[Caption-style text data]

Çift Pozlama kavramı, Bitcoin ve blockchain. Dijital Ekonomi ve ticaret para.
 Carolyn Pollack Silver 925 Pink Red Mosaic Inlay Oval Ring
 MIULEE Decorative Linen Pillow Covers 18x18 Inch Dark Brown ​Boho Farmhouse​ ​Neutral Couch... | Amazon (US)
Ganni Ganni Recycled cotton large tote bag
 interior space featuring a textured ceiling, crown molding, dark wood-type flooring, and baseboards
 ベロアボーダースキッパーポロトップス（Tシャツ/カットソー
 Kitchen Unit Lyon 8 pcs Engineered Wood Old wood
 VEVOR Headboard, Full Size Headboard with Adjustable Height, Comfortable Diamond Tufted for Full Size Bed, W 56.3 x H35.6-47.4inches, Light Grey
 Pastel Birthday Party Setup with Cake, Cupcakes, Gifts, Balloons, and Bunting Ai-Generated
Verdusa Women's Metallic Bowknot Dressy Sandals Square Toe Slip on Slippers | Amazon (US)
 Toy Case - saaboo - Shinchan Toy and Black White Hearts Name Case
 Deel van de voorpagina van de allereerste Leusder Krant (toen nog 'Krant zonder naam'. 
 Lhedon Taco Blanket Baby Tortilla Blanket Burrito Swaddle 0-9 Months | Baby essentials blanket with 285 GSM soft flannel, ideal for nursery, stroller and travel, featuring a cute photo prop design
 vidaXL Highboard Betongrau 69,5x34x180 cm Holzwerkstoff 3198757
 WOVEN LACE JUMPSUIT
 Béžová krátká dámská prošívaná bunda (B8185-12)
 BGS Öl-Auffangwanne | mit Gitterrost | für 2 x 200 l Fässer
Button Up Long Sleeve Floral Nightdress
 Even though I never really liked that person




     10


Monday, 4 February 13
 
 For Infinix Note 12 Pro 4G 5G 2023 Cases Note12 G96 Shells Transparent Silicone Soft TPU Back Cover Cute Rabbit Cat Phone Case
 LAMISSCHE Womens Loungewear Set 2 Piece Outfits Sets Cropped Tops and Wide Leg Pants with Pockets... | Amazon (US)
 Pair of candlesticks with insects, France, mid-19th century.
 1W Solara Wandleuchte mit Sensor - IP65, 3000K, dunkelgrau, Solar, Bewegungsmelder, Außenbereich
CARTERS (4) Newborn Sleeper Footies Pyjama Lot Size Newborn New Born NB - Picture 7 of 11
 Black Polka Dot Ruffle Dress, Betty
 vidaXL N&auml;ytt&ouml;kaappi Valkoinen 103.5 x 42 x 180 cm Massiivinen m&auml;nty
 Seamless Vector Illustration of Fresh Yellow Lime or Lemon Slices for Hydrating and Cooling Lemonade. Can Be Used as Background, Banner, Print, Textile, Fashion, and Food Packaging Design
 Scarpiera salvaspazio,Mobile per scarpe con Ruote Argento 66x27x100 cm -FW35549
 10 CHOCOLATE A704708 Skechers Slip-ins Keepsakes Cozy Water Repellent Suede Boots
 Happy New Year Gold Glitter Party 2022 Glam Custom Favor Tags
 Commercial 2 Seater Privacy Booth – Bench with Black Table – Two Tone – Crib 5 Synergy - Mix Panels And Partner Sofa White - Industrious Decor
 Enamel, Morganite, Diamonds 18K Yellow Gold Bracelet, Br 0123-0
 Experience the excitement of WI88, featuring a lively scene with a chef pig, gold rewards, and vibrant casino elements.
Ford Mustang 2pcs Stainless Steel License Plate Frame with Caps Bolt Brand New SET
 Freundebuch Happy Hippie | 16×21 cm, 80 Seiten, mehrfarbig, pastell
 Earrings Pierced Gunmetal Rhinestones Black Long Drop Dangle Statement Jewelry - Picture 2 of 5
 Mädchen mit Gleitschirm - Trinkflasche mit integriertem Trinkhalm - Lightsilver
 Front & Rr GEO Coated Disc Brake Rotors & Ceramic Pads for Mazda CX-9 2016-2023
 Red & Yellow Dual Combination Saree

## TASK OBJECTIVE
Reproduce each line from the data that has "Long" in it.

## TASK RESULT
Button Up Long Sleeve Floral Nightdress
 Earrings Pierced Gunmetal Rhinestones Black Long Drop Dangle Statement Jewelry - Picture 2 of 5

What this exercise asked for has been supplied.